JAPON ET CONTAMINATION RADIOACTIVE DE LA POUSSIÈRE D’ASPIRATEUR – UNE ÉTUDE DU LABORATOIRE CITOYEN CHIKURIN

En attendant la mise en place du laboratoire citoyen d’analyse de la radioactivité, l’ACRO a, lors des deux premières années de la catastrophe nucléaire, effectué de nombreuses mesures dans des échantillons envoyés du Japon. Tous les résultats sont en ligne. Parmi les échantillons très variés analysés, il y a eu, notamment, des poussières d’aspirateur.

À l’occasion du dixième anniversaire de la catastrophe de Fukushima, le laboratoire citoyen Chikurin a effectué une nouvelle campagne d’analyse de la contamination radioactive des poussières d’aspirateur dans 153 maisons. Tous les résultats sont en ligne en japonais.

Cette étude est en complément d’autres projets de surveillance citoyenne de la radioactivité auxquels Chikurin est aussi associé :

– la cartographie de la contamination des sols par le réseau Minna no data

– le relevé des débits de dose ambiants par le Fukuichi Environmental Radiation Monitoring Project.

Ce projet a pour but d’évaluer la contamination intérieure en mesurant la concentration en césium dans la poussière des aspirateurs domestiques, 10 ans après l’accident nucléaire. L’exposition des habitants par inhalation de ces poussières vient s’ajouter aux autres expositions à la radioactivité.

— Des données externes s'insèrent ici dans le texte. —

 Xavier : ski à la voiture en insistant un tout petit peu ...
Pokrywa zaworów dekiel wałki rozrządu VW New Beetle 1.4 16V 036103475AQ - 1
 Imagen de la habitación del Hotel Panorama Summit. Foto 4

Les résultats sont disponibles dans ce tableau en japonais où les sites sont classés du plus contaminé au moins contaminé. Ils peuvent aussi être visualisés sur cette carte qui indique la zone proche de la maison, de sorte que les personnes ne puissent pas être identifiées :

Les maisons numérotées 1, 3 et 7 dans le tableau sont situées dans la zone dite de retour difficile et personne n’y habite depuis 2011. Les résultats sont donnés à titre indicatif. La contamination la plus élevée, dans la maison 1, est de 45 000 Bq/kg.

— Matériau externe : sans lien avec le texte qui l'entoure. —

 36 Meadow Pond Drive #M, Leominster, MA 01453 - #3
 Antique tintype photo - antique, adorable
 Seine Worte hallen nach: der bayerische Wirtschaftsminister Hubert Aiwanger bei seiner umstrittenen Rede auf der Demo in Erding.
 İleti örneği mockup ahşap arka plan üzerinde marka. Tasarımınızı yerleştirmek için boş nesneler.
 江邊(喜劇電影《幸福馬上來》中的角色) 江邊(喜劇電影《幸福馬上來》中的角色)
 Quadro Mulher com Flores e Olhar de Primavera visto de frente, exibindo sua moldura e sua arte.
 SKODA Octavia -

Dans 5 maisons habitées, situées dans les quartiers Haramachi de Minamisôma et Komiya d’Iitaté-mura, la contamination dépasse 8 000 Bq/kg, qui est le seuil fixé après la catastrophe à partir duquel un déchet doit être géré comme un déchet radioactif. Le niveau le plus élevé, dans la maison n°2 située à Minami-Sôma, est de 29 000 Bq/kg.

Le seuil de libération fixé à 100 Bq/kg pour des matériaux issus du démantèlement des installations nucléaires est dépassé pour des poussières prélevées dans des maisons situées dans les provinces de Fukushima, Ibaraki, Niigata, Chiba, Miyagi, Iwaté et Tôkyô.

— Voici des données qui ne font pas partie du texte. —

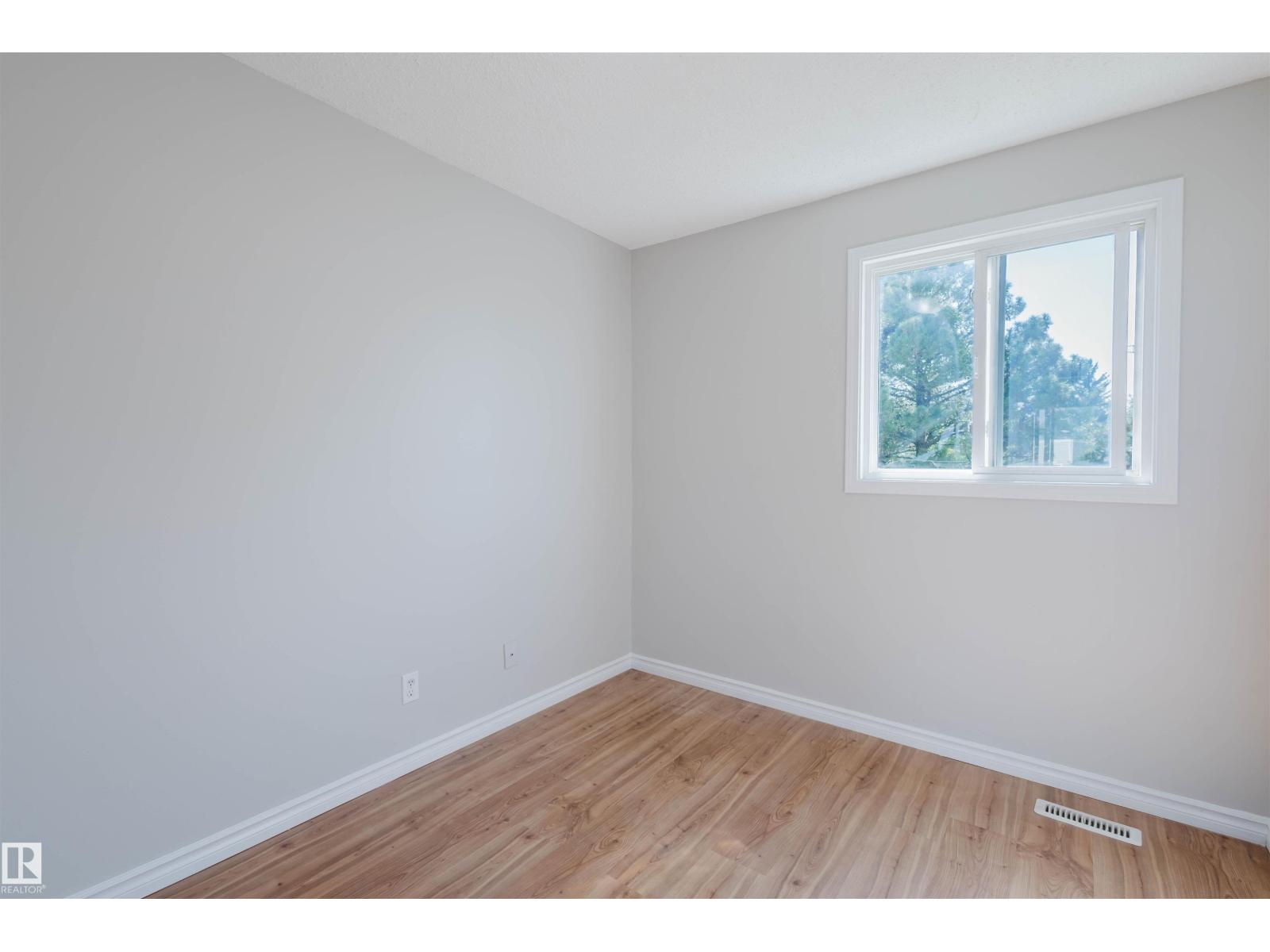Photo 23 of 18160 81 Av Nw, Edmonton AB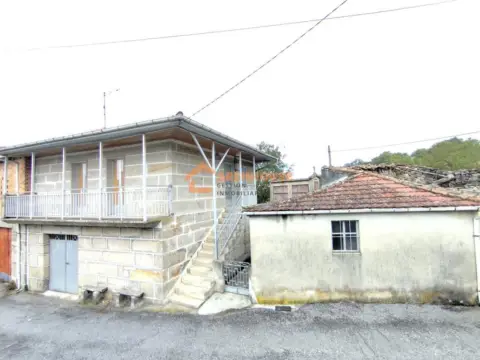 Casa en Paderne de Allariz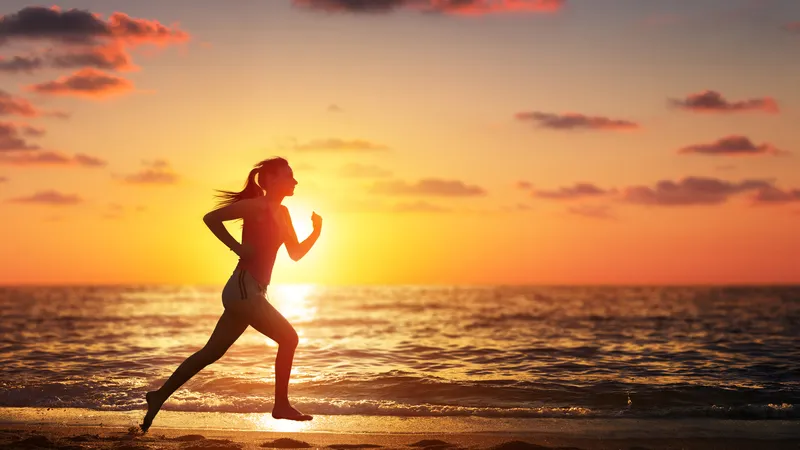 清晨太阳升起时海边跑步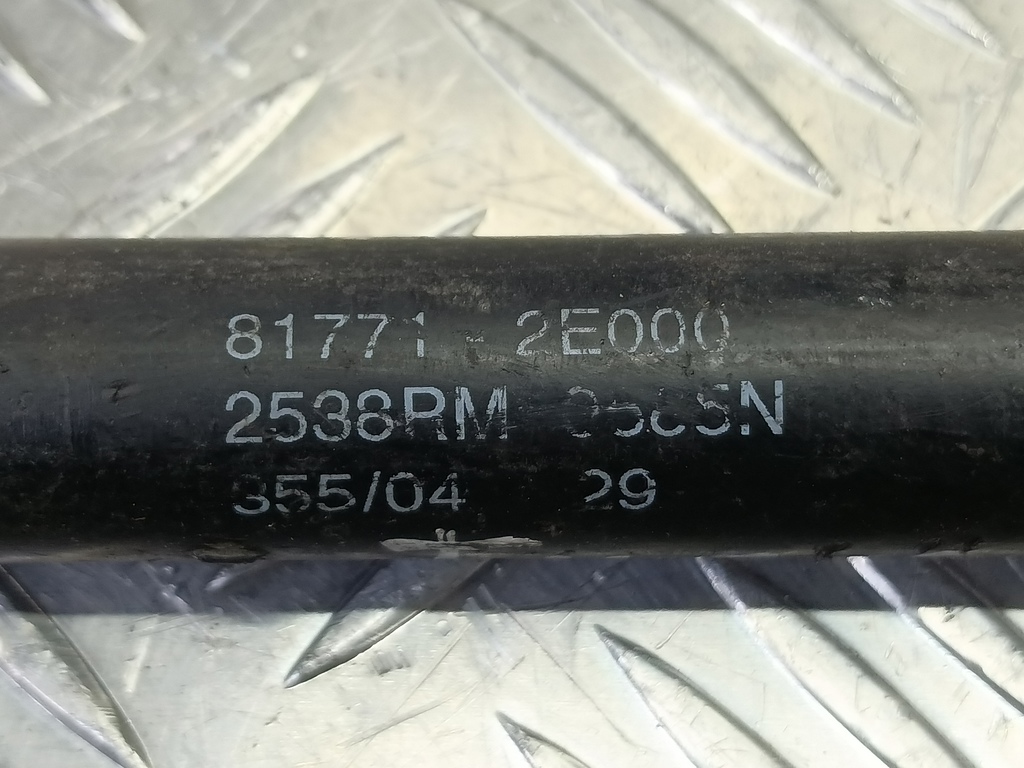 амортизатор крышки багажника Hyundai TUCSON 2.0 MT (140 л.с.)Tucson  I (2004—2011) Внедорожник 817712E000, 520 рублей, Москва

Les maisons 29 et 30, situées respectivement dans les provinces d’Ibaraki et de Niigata, ont une contamination de l’ordre de 1 100 Bq/kg, qui est élevée par rapport aux autres maisons environnantes. Mais dans les deux cas, les habitants sont originaires de Minami-Sôma et ont probablement emporté des poussières radioactives lors de leur déménagement.

Ces poussières domestiques peuvent être inhalées par les habitants et rester bloquées dans les alvéoles pulmonaires. En effet, seule une faible partie du césium est soluble. Comme décrit dans ce document en japonais, des linges en lin ont été déposés en haut de placards ou armoires dans des maisons pour collecter de la poussière. Ils ont ensuite été rincés, et l’eau de rinçage filtrée, avant d’être analysée pour déterminer la part soluble du césium dans les poussières. Il en ressort qu’environ 75 % ou plus du césium de la poussière à l’intérieur n’est pas soluble dans l’eau. Cela signifie qu’il y a une forte possibilité que du césium non soluble reste dans les alvéoles pulmonaires pendant une longue période lorsque de petites particules de poussière domestique sont inhalées.

Chikurin demande que cette voie d’exposition soit prise en compte et conteste la façon dont les doses sont évaluées pour permettre le retour dans les zones évacuées.